Supreme Court Pork Case Could Provide Roadmap for Moral Warfare - Bloomberg Law

The Supreme Court will consider how California regulates living conditions for pigs raised for meat in a case with implications for the $26 billion US pork industry as well as state efforts to address everything from abortion to climate change.

At issue in National Pork Producers Council v. Ross to be argued on Tuesday is a 2018 proposition approved by California voters which prohibits the sale of pork in the state if it was produced using inhumane breeding methods.

Proponents of the law say it’s simply meant to set standards for the production of pork products sold within the state, while opponents say it’s a road map for both red and blue states to try to export their moral judgments across state lines.

The case “would trigger harmful interstate trade wars as other states attempt to mimic California’s regulatory strategy,” said Jonathan D. Urick, associate chief counsel for the US Chamber Litigation Center. The group filed an amicus brief in support of the pork producers.

Proposition 12 prohibited the sale of pork in California if pigs are raised in breeding pens that don’t allow sows to turn a full circle. “Hardly any commercially bred sows are housed” in compliance with Prop. 12, the National Pork Producers Council says in its brief.

Since more than 99% of pork sold in California is produced outside of the state, the law has almost completely extraterritorial effects, which the pork producers say violates the Dormant Commerce Clause. That clause prohibits laws that discriminate against out-of-state commerce.

California argues that while the law may have some extraterritorial effects, it’s primarily designed to protect consumers in the state.

The same regulatory model could allow Democratic-controlled states to target carbon-heavy products next. Or Republican-controlled states could take aim at companies in states with more liberal abortion laws or progressive diversity, equity and inclusion initiatives.

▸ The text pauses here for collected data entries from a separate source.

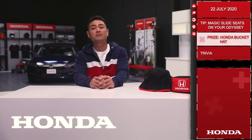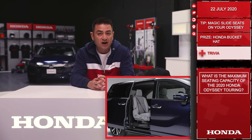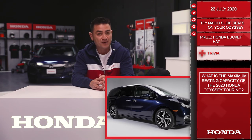Let's move on to trivia. Today you'll be playing for a Honda bucket hat as well as a first aid kit. Question: what is the maximum seating capacity of the 2020 Honda Odyssey Touring? Answer below this post for your chance to win. Remember, you need to respond with the correct answer within 10 hours of this post going up to qualify. Good luck and we'll see you tomorrow.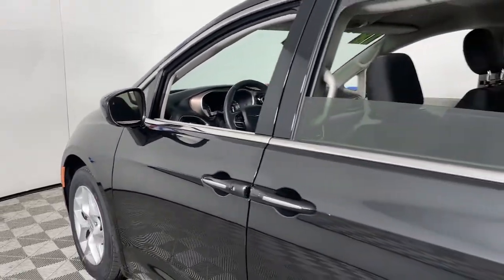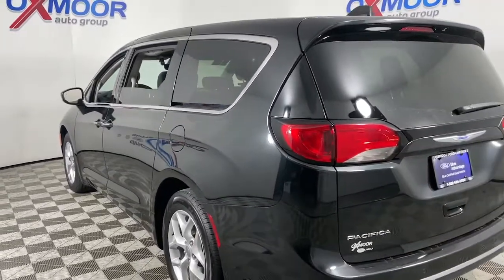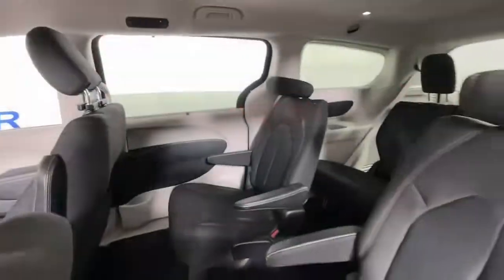Get into a car with value. 2018 Chrysler Pacifica. This vehicle is an outstanding buy with fewer than 70,000 miles on the odometer.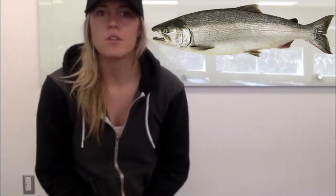Coho salmon are often referred to as silver salmon. They generally weigh two to five kilograms. The adults will have small black spots on the upper lobe of their caudal fin, and the gums at the base of their teeth in their lower jaw will be white. When in the ocean, they have dark metallic backs with silver bellies and sides.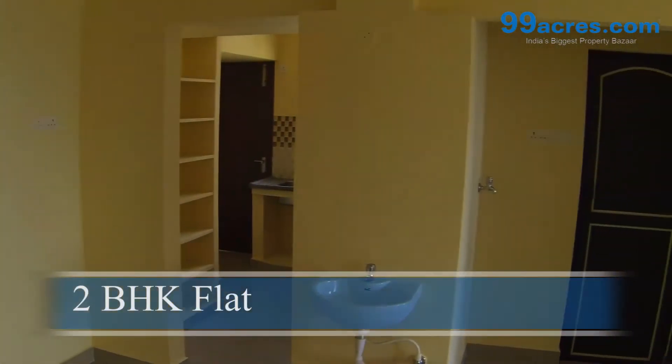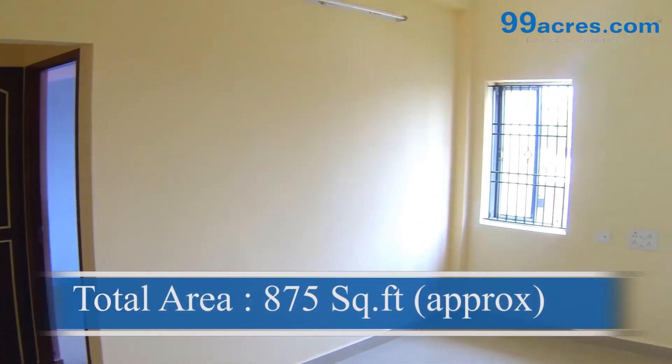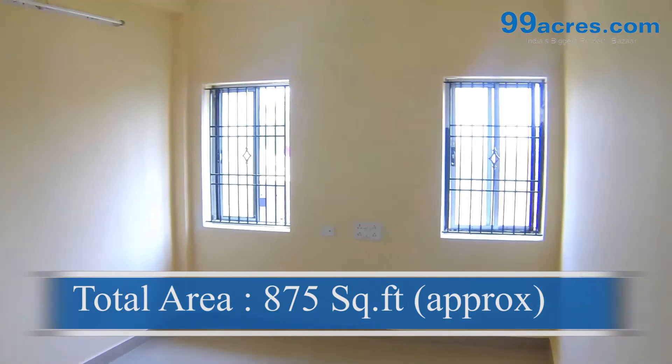This is a two-bedroom flat with a balcony. The super area of this flat is 875 square feet.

“States that disapprove of their neighbors’ policies on any variety of social or political issues—guns, abortion, or voting procedures, etc.—can simply condition access to their markets on correction of the perceived flaw,” the North Carolina Chamber Legal Institute warned in a friend-of-the-court brief siding with pork producers. And that’s a tactic that can “be applied at either end of the political spectrum.”

To avoid that kind of “economic warfare,” the North Carolina group said, the justices should revive the suit, which lower federal courts dismissed.

Middle Ground

But the case isn’t all-or-nothing, said Megan Wold, a partner at Cooper & Kirk who filed an amicus brief.

There are both constitutional and political limits that could protect against the extreme outcomes prophesied by Prop 12’s challengers.

One is the Dormant Commerce Clause, which the opponents are seeking to wield in this case.

Urick said the mismatch between how much pork is produced in California—less than 1%—and the amount of pork production the law would effect—more than 99%—makes it “blatantly obvious that California is attempting to impose its policy preferences on 49 other states.”

“If Proposition 12 is allowed to stand, those producers will be required to spend hundreds of millions of dollars—potentially bankrupting costs—to retrofit their facilities in hopes of complying with the law, even though the choice was not California’s to make,” Urick said in his brief for the chamber.

But even if the Supreme Court ultimately upholds Prop 12, the Dormant Commerce Clause could still be a barrier to laws that lack a sufficiently “close nexus between the product to be sold and the means of production,” Wold said.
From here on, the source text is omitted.